Source material
----------------------------------------
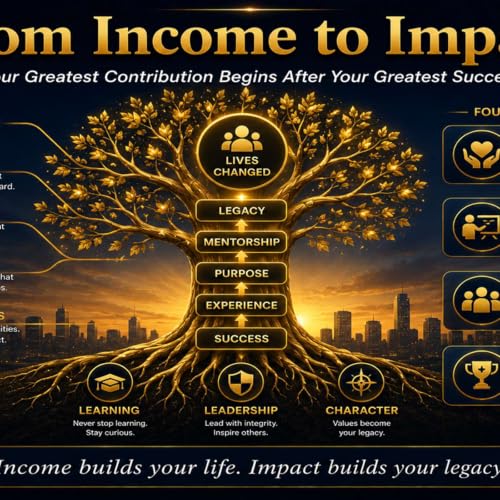 "From Income to Impact &mdash; Your Legacy Work Span"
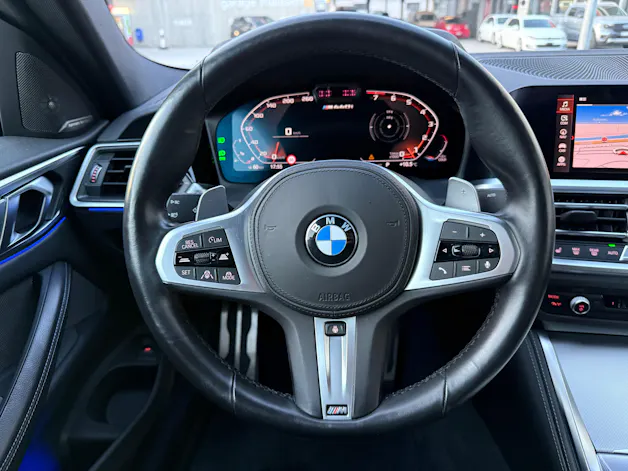 BMW M440i xDrive 48V Coupé Steptronic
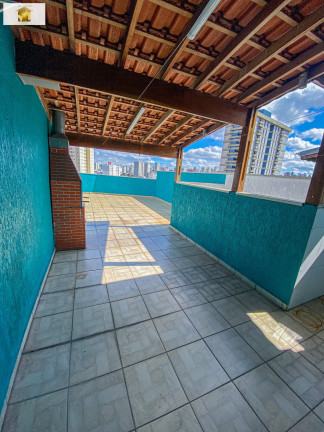 Imagem Cobertura com 2 Quartos à Venda, 112 m² em Parque Das Nações - Santo André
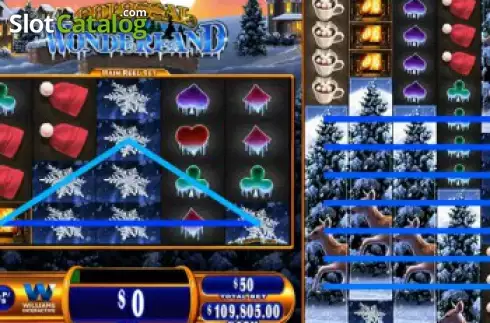Οθόνη2. Colossal Wonderland Κουλοχέρης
----------------------------------------
Beginning with the line that contains "BMW M440i xDrive 48V Coupé Steptronic", write out the remaining lines of the listing above through the last, exactly and only those, without pictures.

 BMW M440i xDrive 48V Coupé Steptronic
 Imagem Cobertura com 2 Quartos à Venda, 112 m² em Parque Das Nações - Santo André
Οθόνη2. Colossal Wonderland Κουλοχέρης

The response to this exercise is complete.